--- GIVEN INFORMATION Enclosed Below ---
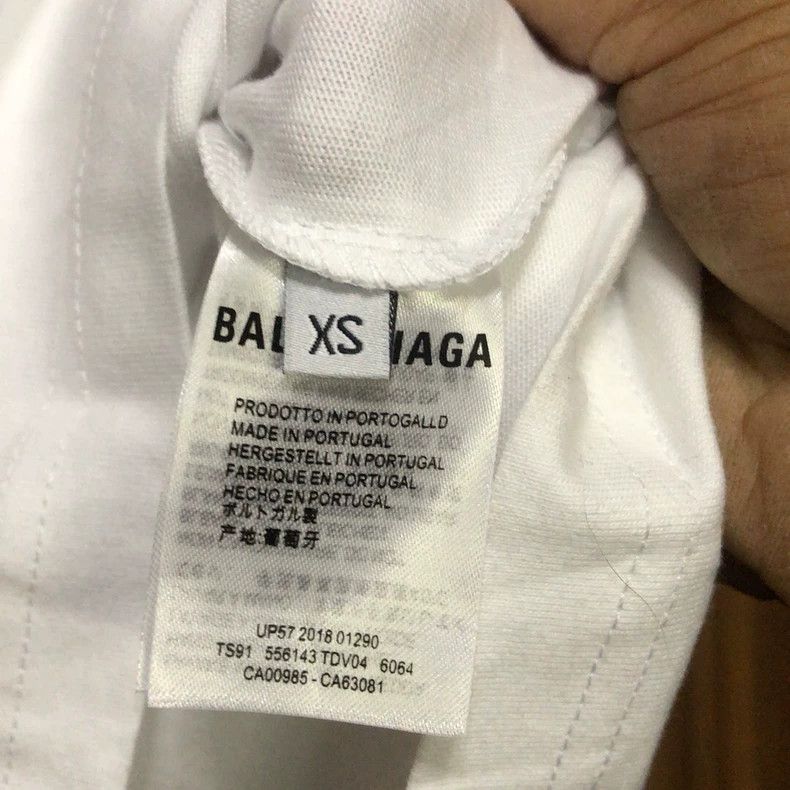 Balenciaga Balenciaga Coca-Cola Wave Logo White Short Sleeve Size US XS / EU 42 / 0 - 4 Thumbnail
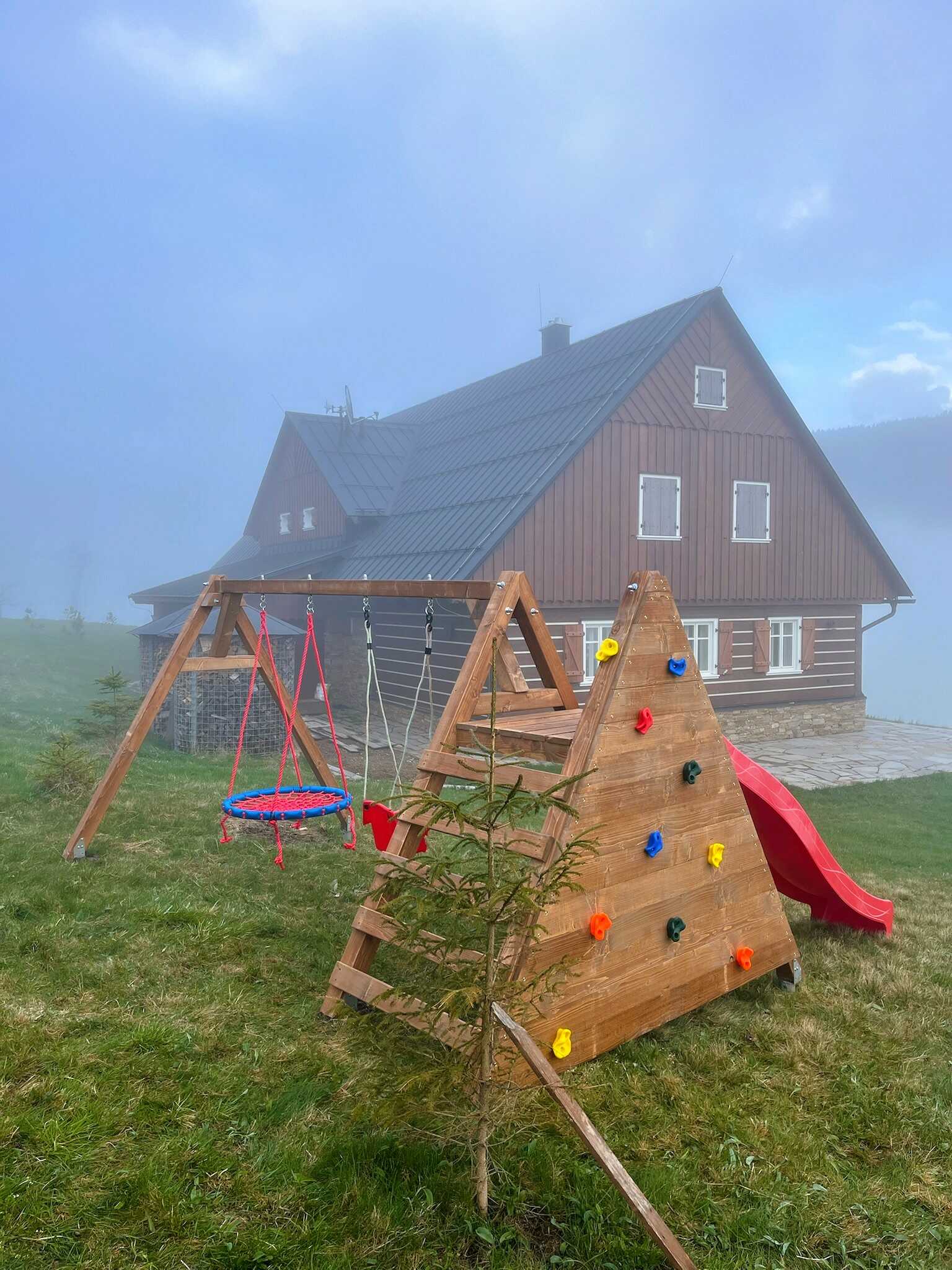 Konstrukce na houpačky a skluzavku - Obrázek 34
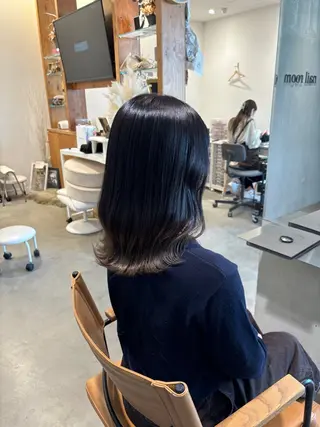 ミディアム カラー 小木曽 里華のヘアスタイル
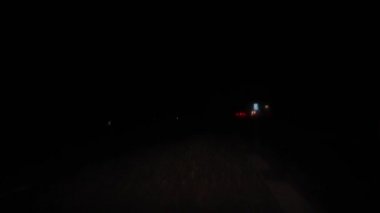 Sevk gece yol yağmur kötü hava koşulları ve düşük görünürlük Park işaretleri tarafından durdurmak kamyon şoförleri için çalışma saat sonra dinlenmek için yaklaşıyor. Üzerinden görüntülemek ön cam kabin içinde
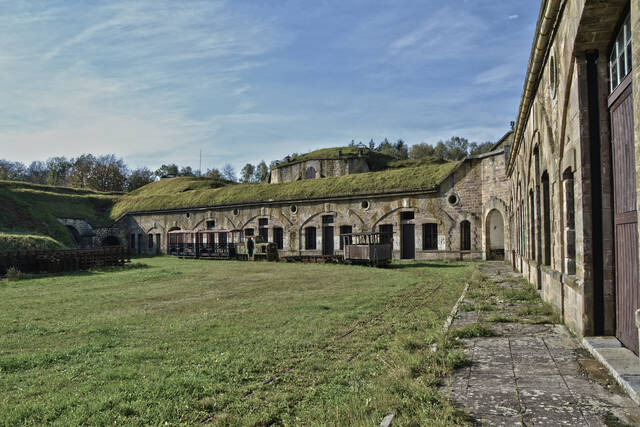 Vue sur la cour proche des latrines. VAUBOURG Julie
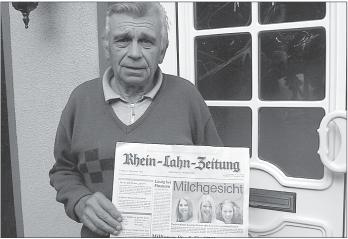 Er ist bei jedem Wetter für die RLZ in Holzheim unterwegs: Zeitungszusteller Walter Klapper.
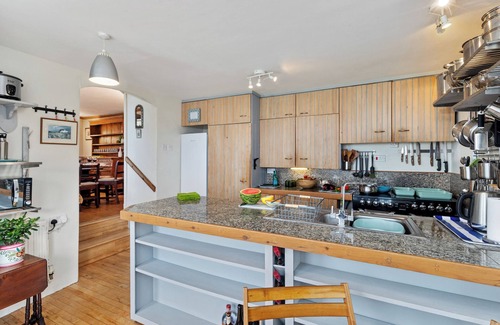 Newport House | 5 * Magnificent C18th Rectory sleeps 21 with Huge Garden, Games room and Hot Tub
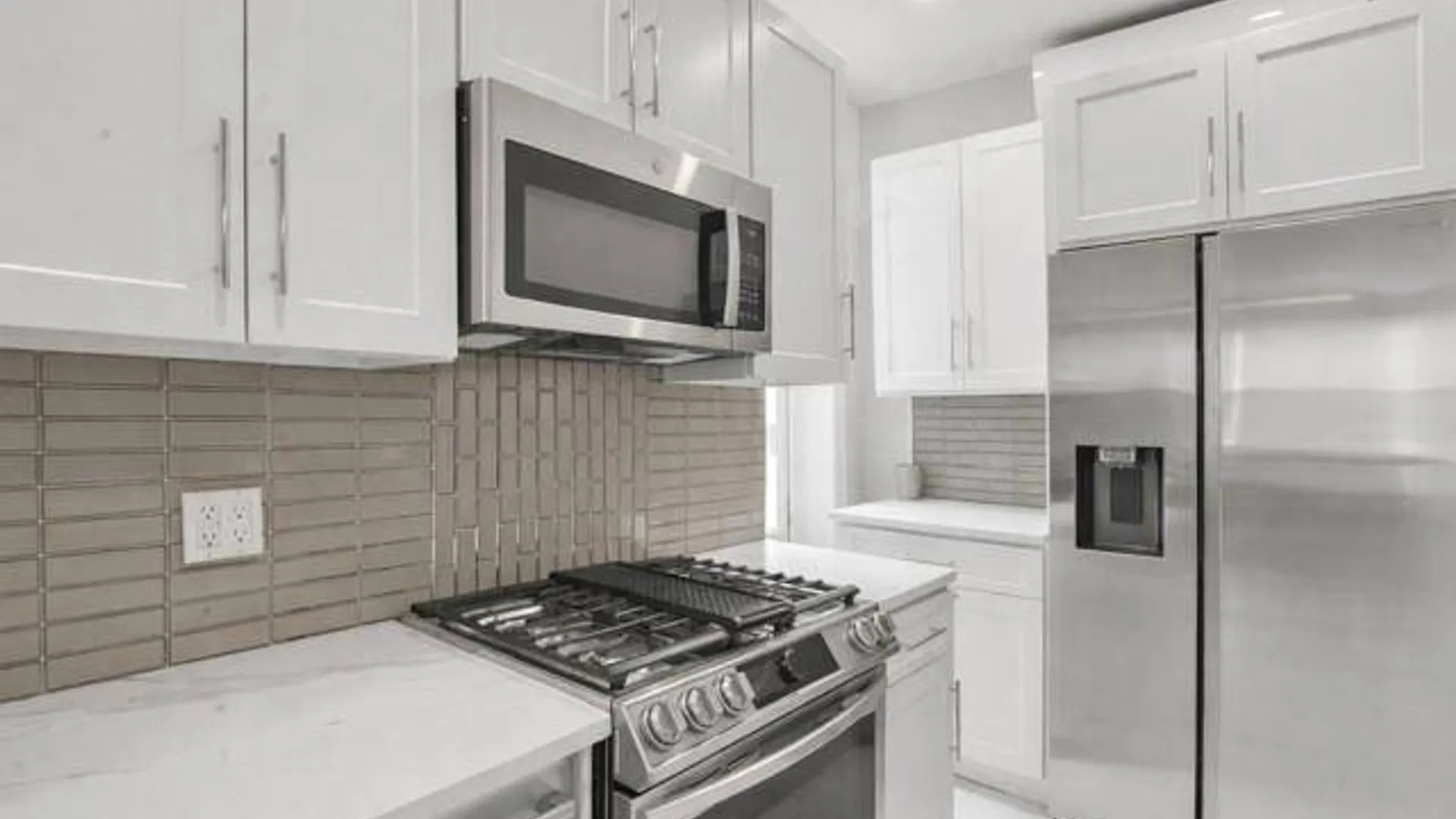 Property at 9307 3rd Ave, Brooklyn, NY 11209 10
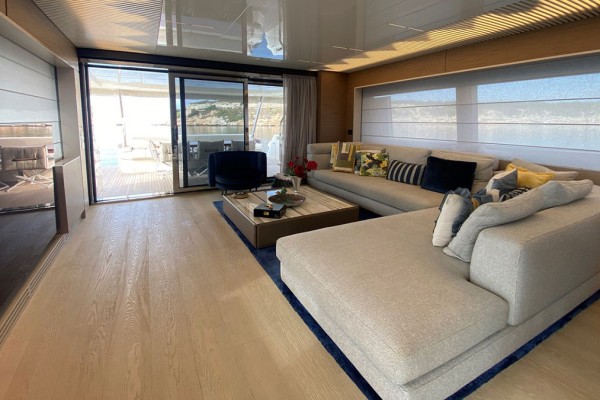 2021 Ferretti 920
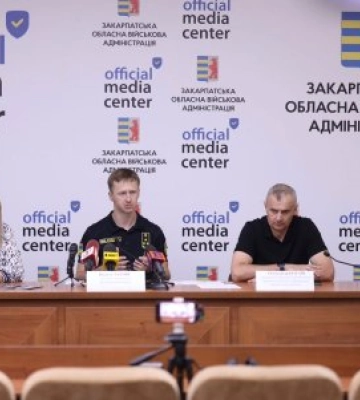 Літо на кордоні: у пунктах пропуску Закарпаття — туристичний бум і черги на виїзд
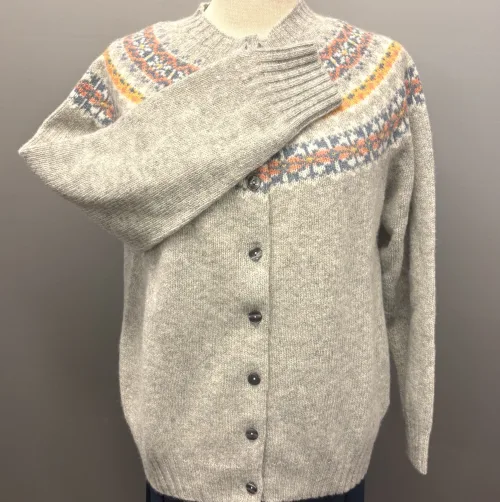 Harley of Scotland - Færø Cardigan Lysegrå Silver, silver 26, tynd, let, ensfarvet, klasse, sart, lys, forårs, perlegrå, strikjakke, knapper, striktrøje, bærestykke, borter, stjerner, mønster, fintstrikket, cardigan, striktrøje, strikjakke, ren, 100%, uld, lammeuld, lambswool, ulden, skotsk, skotland, færøerne, islænder, færømønster, færøstrik, indendørs, smart, moderne, klassisk, traditionel, norsk, trøje, knapper, biti, ribe, mønsterstrik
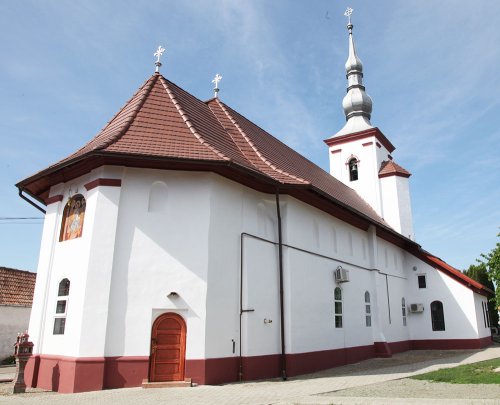 Biserica „Sfânta Treime“ din Făgăraş Poza 84646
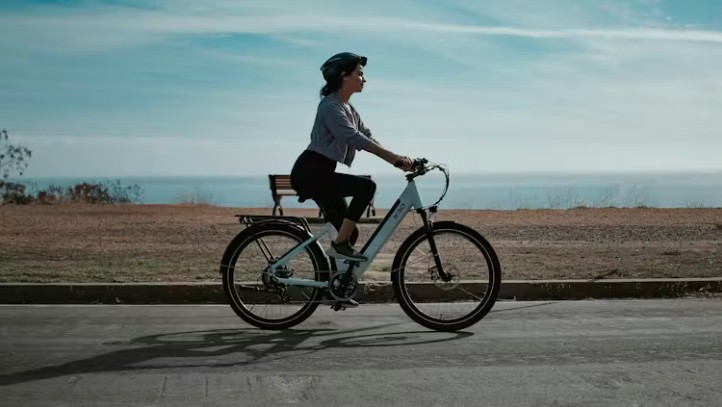 Legal e-bikes (also known as pedelecs, short for “pedal electric cycles”) don’t pose greater risks than conventional bicycles.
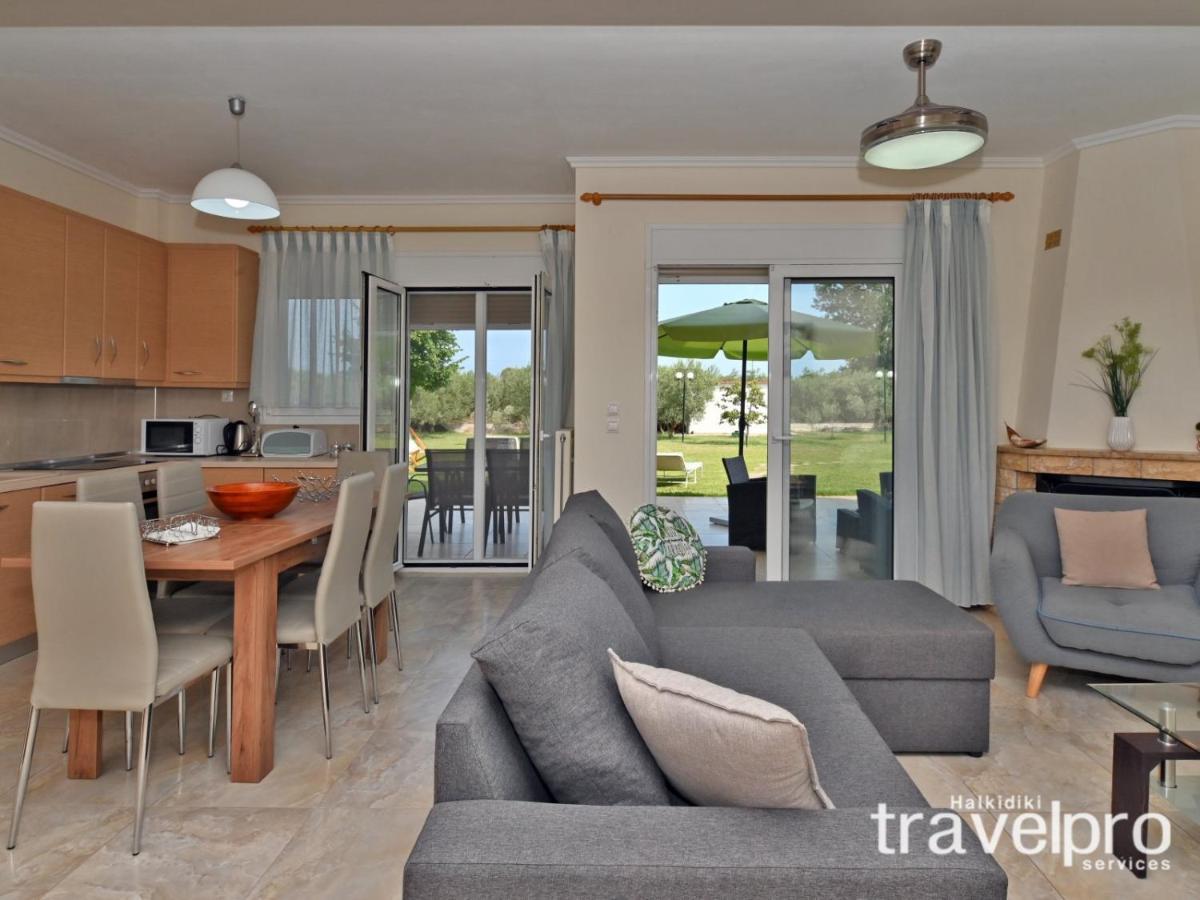 Villa Iris By Rentalspro Services - Agios Mamas Beach Екстериор снимка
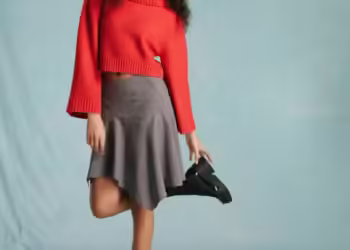 Discover Timeless Elegance: Women’s Skirts at Secret Sales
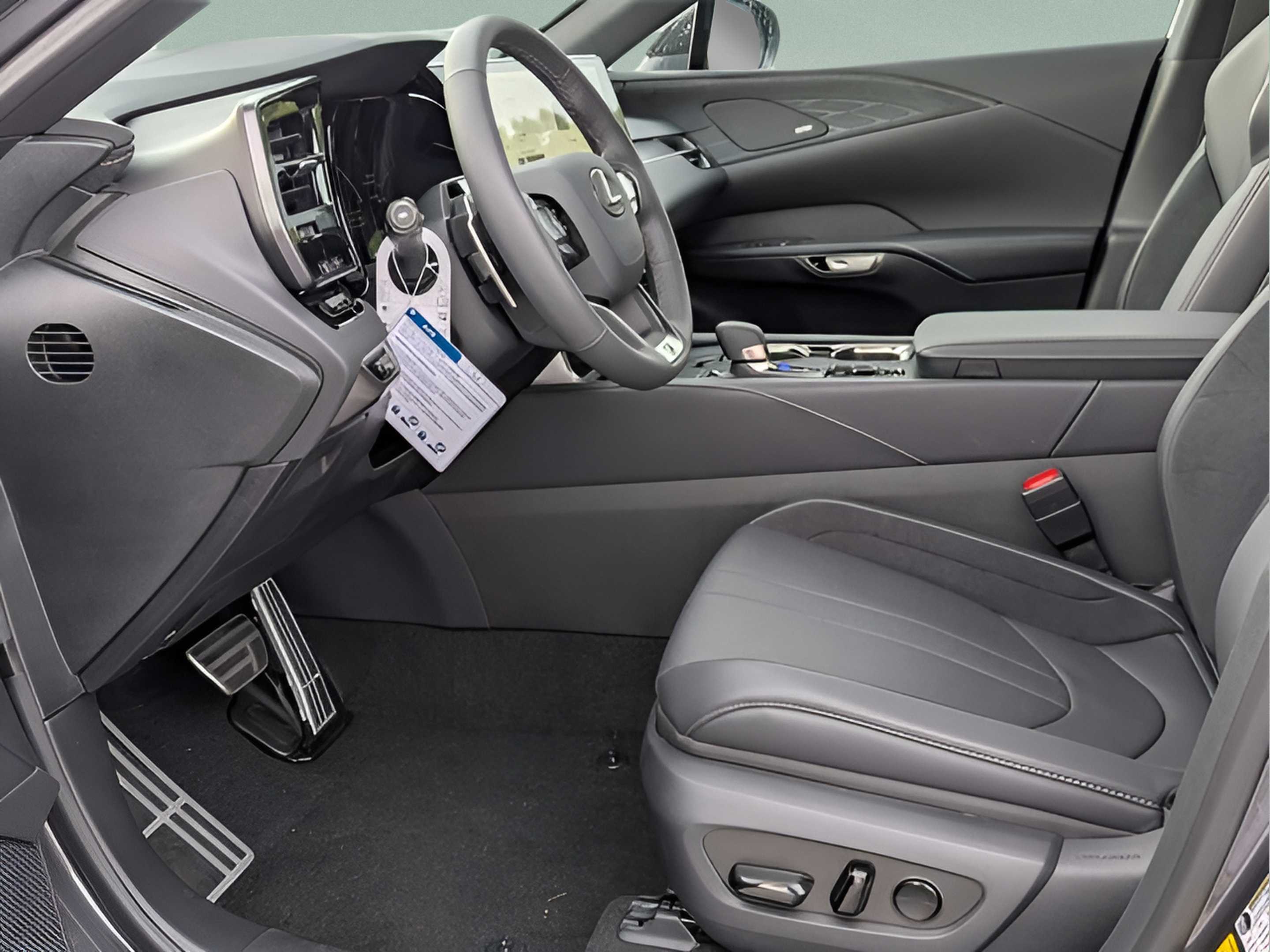 New 2026 Lexus RX 500h F Sport w/ Appearance Package AWD/4WD image 10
--- End of Enclosed GIVEN INFORMATION ---
EXERCISE DIRECTIONS: Before answering, find the line with "2021 Ferretti 920" in the records above; then reproduce exactly each line from the first through that line, leaving out pictures.

WORKED SOLUTION:
 Balenciaga Balenciaga Coca-Cola Wave Logo White Short Sleeve Size US XS / EU 42 / 0 - 4 Thumbnail
 Konstrukce na houpačky a skluzavku - Obrázek 34
 ミディアム カラー 小木曽 里華のヘアスタイル
 Sevk gece yol yağmur kötü hava koşulları ve düşük görünürlük Park işaretleri tarafından durdurmak kamyon şoförleri için çalışma saat sonra dinlenmek için yaklaşıyor. Üzerinden görüntülemek ön cam kabin içinde
 Vue sur la cour proche des latrines. VAUBOURG Julie
 Er ist bei jedem Wetter für die RLZ in Holzheim unterwegs: Zeitungszusteller Walter Klapper.
 Newport House | 5 * Magnificent C18th Rectory sleeps 21 with Huge Garden, Games room and Hot Tub
 Property at 9307 3rd Ave, Brooklyn, NY 11209 10
 2021 Ferretti 920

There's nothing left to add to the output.